Must admit, I'm guilty of this too… but I've actually seen a pair in a group of three do this – brings a whole new meaning to "two is company, three is a crowd" almost like tacking on a "… so go away". There are people who ALWAYS use thier mother tongue, at the slightest oppertunity, blithly ignoring the need to translate for those who don't understand. This total lack of consideration on their part – and I've been a party somtimes – is very irksome. It's a whole different ball game when it's just two people talking – then, yes use timbactooian if you wish…
Consider the case in the lab today. We went to the teacher to demonstrate our project, and that man, on learning I was Tamilian, switched to that language. (On the positive side, we were spared the torture of his broken english) It would not have been a problem if I weren't the only one who understood the language. ALL the suggestions, ideas and corrections were made in a stream of strongly accented palghatian dialect. Understandably, my teammates were pissed.
I'm multilingual. I call myself the jack of all languages… and master of none. Obviously, my English is reasonably fluent, and my hindi comes a distant second. Hindi mein kuch na kuch bol to detein hoon. (I manage to say something or the other in Hindi) Those are the only two I can read and write. Of course, I can write Sanskrit too (comes with the script) but what little I learnt back in school seeped out of my head – sideways. ..

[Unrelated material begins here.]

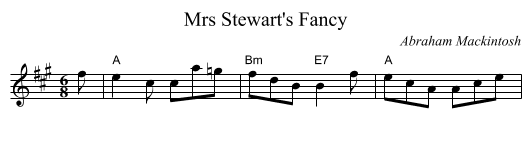 Mrs Stewart's Fancy - staff notation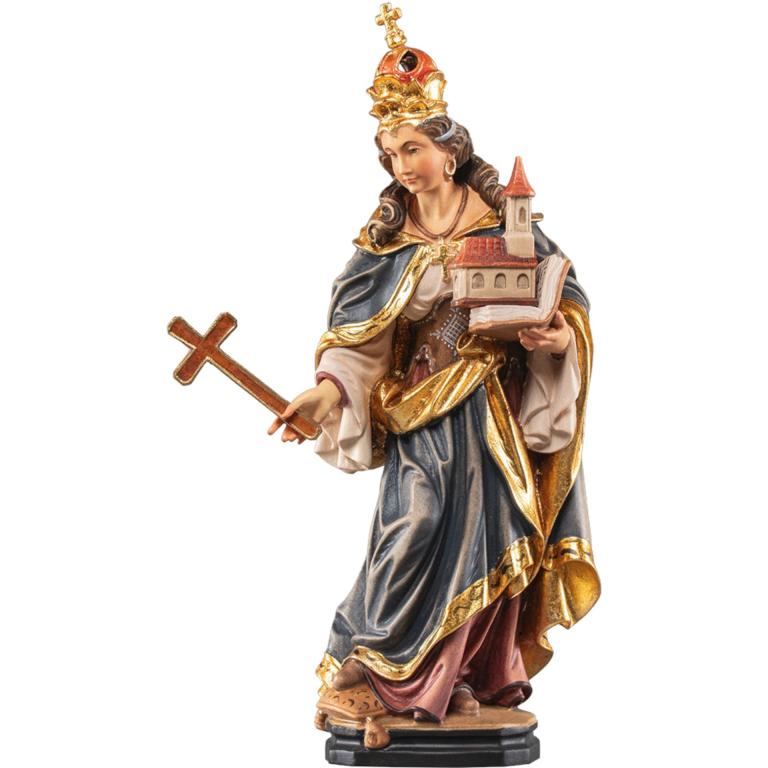 Hl. Olga mit Kreuz und Kirche- Holzfigur-color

But I do speak Tamil. But (here's the catch) it is Iyengar Tamil – that most of my fellow state-mates deem alien language and pull my leg for. Therefore I dont' speak it often enough – I'm constantly told that I can't even talk like a Bram properly. Not my fault Iyengars are a minority. It took me some time after I landed up in Tamil Nadu before I realised that 'You speak Bram tamil!' was NOT a compliment. But I've always been dense that way.
I can also manage Telgu and Malyalam, and understand Punjabi (duh! anyone who know hindi…) … And at the end of the day, (btw) struggle for words to clearly, concisely express what I'm thinking. So it's very rarely that I get excluded from the rgoup we were talking about earlier (ah! you thought I was rambling aimlessly, just blowign my own trumpet) … but anyone who has seen the lost looks or blank faces or staring-off-into-the-distance-with-a-grim-set-to-the-mouth has got to agree with me.
One just has to use the language that maximum number of people use – the object of it, after all, is to communicate.